To clarify, the following should be considered in terminating the services of


employees:
(1) The first written notice to be served on the employees should contain
the specific causes or grounds for termination against them, and a directive that the
employees are given the opportunity to submit their written explanation within a
reasonable period. Reasonable opportunity under the Omnibus Rules means
every kind of assistance that management must accord to the employees to enable
them to prepare adequately for their defense.[15] This should be construed as a
period of at least five (5) calendar days from receipt of the notice to give the
employees an opportunity to study the accusation against them, consult a union
official or lawyer, gather data and evidence, and decide on the defenses they will

raise against the complaint. Moreover, in order to enable the employees to


intelligently prepare their explanation and defenses, the notice should contain a
detailed narration of the facts and circumstances that will serve as basis for the
charge against the employees. A general description of the charge will not
suffice. Lastly, the notice should specifically mention which company rules, if any,
are violated and/or which among the grounds under Art. 282 is being charged
against the employees.
(2) After serving the first notice, the employers should schedule and
conduct a hearing or conference wherein the employees will be given the
opportunity to: (1) explain and clarify their defenses to the charge against them; (2)
present evidence in support of their defenses; and (3) rebut the evidence presented
against them by the management. During the hearing or conference, the
employees are given the chance to defend themselves personally, with the
assistance of a representative or counsel of their choice. Moreover, this conference
or hearing could be used by the parties as an opportunity to come to an amicable
settlement.
(3) After determining that termination of employment is justified, the
employers shall serve the employees a written notice of termination indicating
that: (1) all circumstances involving the charge against the employees have been
considered; and (2) grounds have been established to justify the severance of their
employment.
In the instant case, KKTI admits that it had failed to provide respondent with
a charge sheet.[16] However, it maintains that it had substantially complied with
the rules, claiming that respondent would not have issued a written explanation
had he not been informed of the charges against him.[17]
We are not convinced.
First, respondent was not issued a written notice charging him of
committing an infraction.
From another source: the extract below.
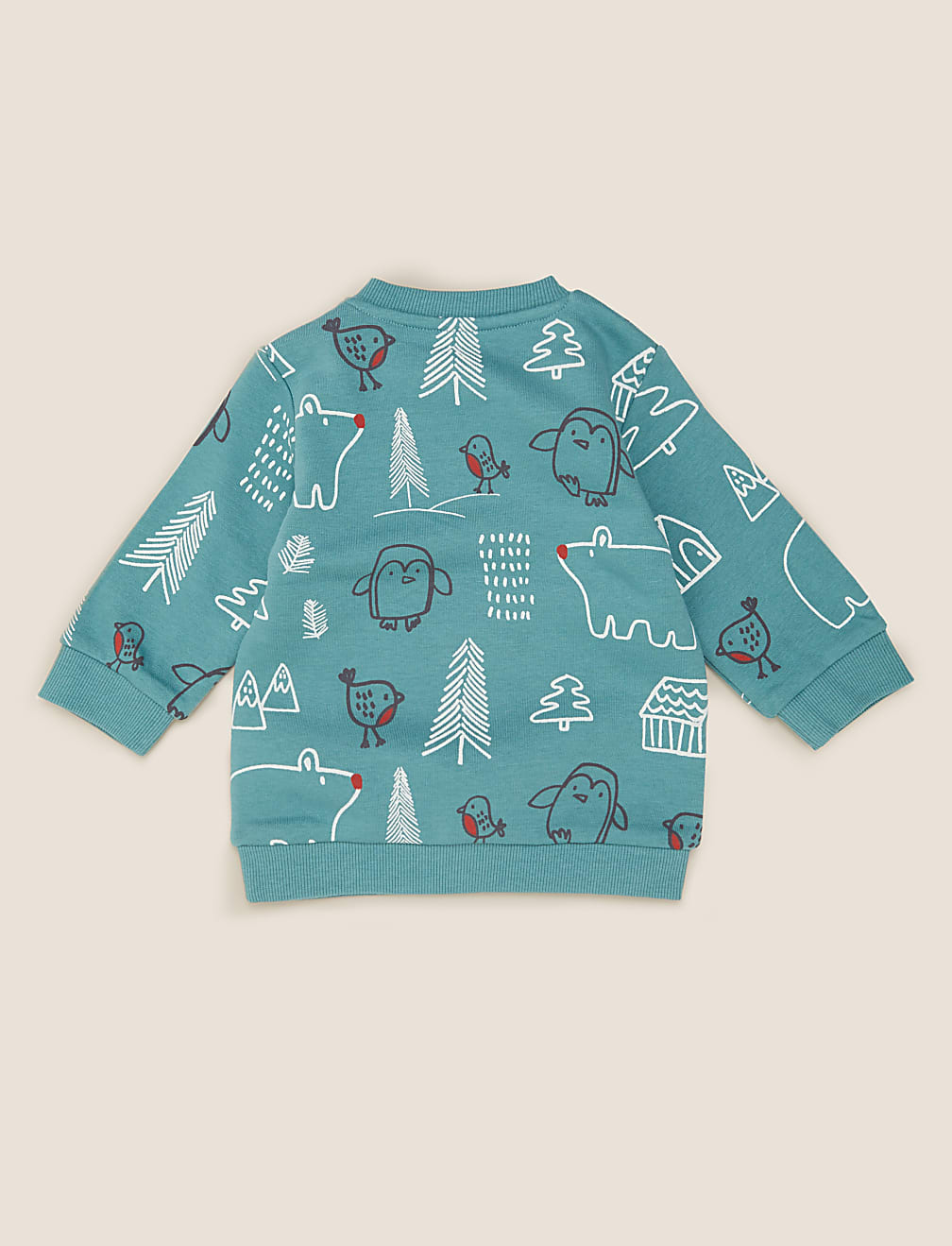 Cotton Winter Woodland Print Sweatshirt (0-3 Yrs)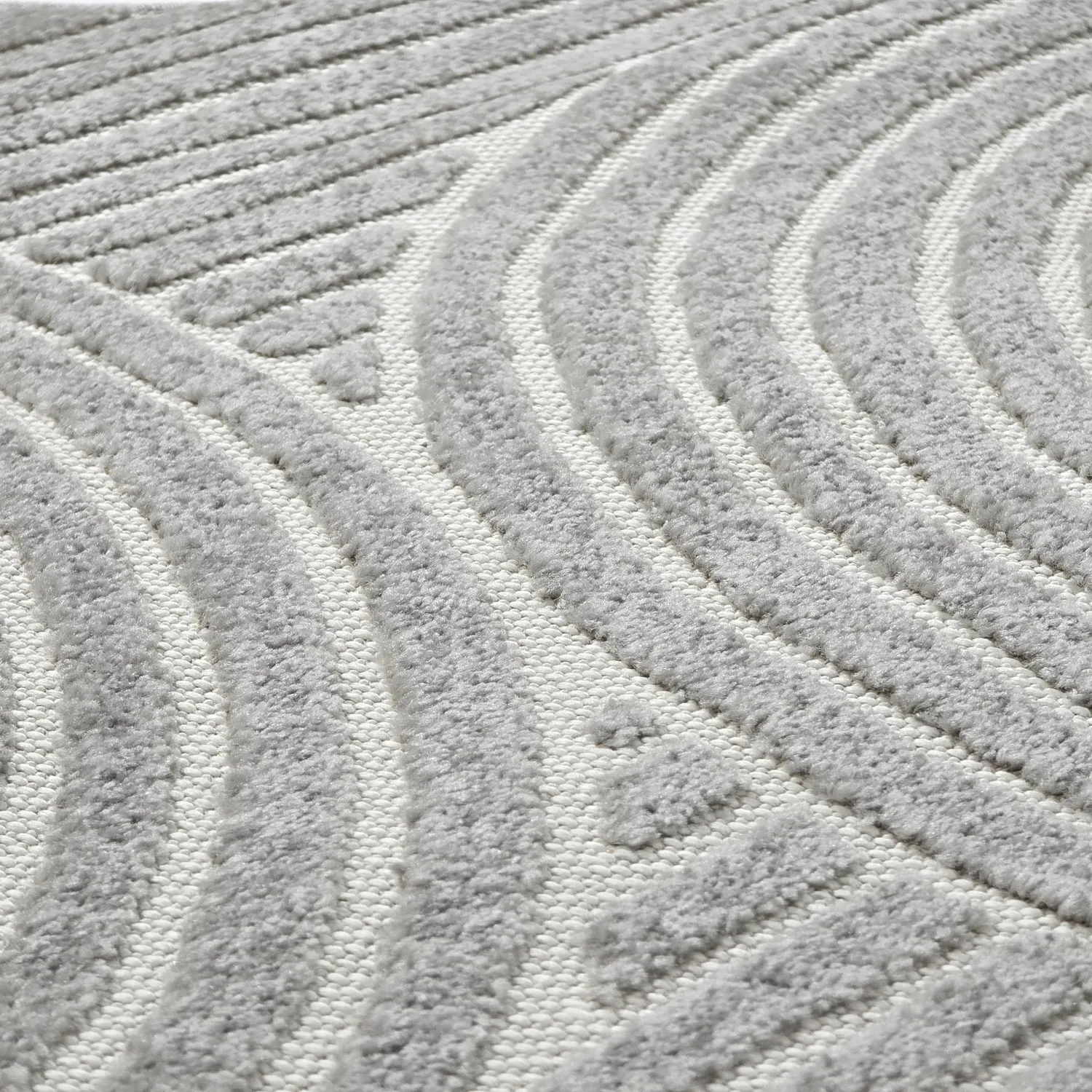 Tapis rond - intérieur/extérieur Devon (gris)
The law is clear on the matter. A verbal appraisal of the
charges against an employee does not comply with the first notice
requirement. In Pepsi Cola Bottling Co. v. NLRC,[18] the Court held that
consultations or conferences are not a substitute for the actual observance of notice

and hearing. Also, in Loadstar Shipping Co., Inc. v. Mesano,[19] the Court,
sanctioning the employer for disregarding the due process requirements, held that
the employees written explanation did not excuse the fact that there was a
complete absence of the first notice.
Second, even assuming that petitioner KKTI was able to furnish respondent
an Irregularity Report notifying him of his offense, such would not comply with
the requirements of the law. We observe from the irregularity reports against
respondent for his other offenses that such contained merely a general description
of the charges against him. The reports did not even state a company rule or policy
that the employee had allegedly violated. Likewise, there is no mention of any of
the grounds for termination of employment under Art. 282 of the Labor Code.
Thus, KKTIs standard charge sheet is not sufficient notice to the employee.
Third, no hearing was conducted. Regardless of respondents written
explanation, a hearing was still necessary in order for him to clarify and present
evidence in support of his defense. Moreover, respondent made the letter merely to
explain the circumstances relating to the irregularity in his October 28,
2001 Conductors Trip Report. He was unaware that a dismissal proceeding was
already being effected. Thus, he was surprised to receive the November 26,
2001 termination letter indicating as grounds, not only hisOctober 28,
2001 infraction, but also his previous infractions.
Sanction for Non-compliance with Due Process Requirements
As stated earlier, after a finding that petitioners failed to comply with the due
process requirements, the CA awarded full backwages in favor of respondent in
accordance with the doctrine in Serrano v. NLRC.[20] However, the doctrine
in Serrano had already been abandoned in Agabon v. NLRC by ruling that if the
dismissal is done without due process, the employer should indemnify the
employee with nominal damages.[21]
Thus, for non-compliance with the due process requirements in the
termination of respondents employment, petitioner KKTI is sanctioned to pay
respondent the amount of thirty thousand pesos (PhP 30,000) as damages.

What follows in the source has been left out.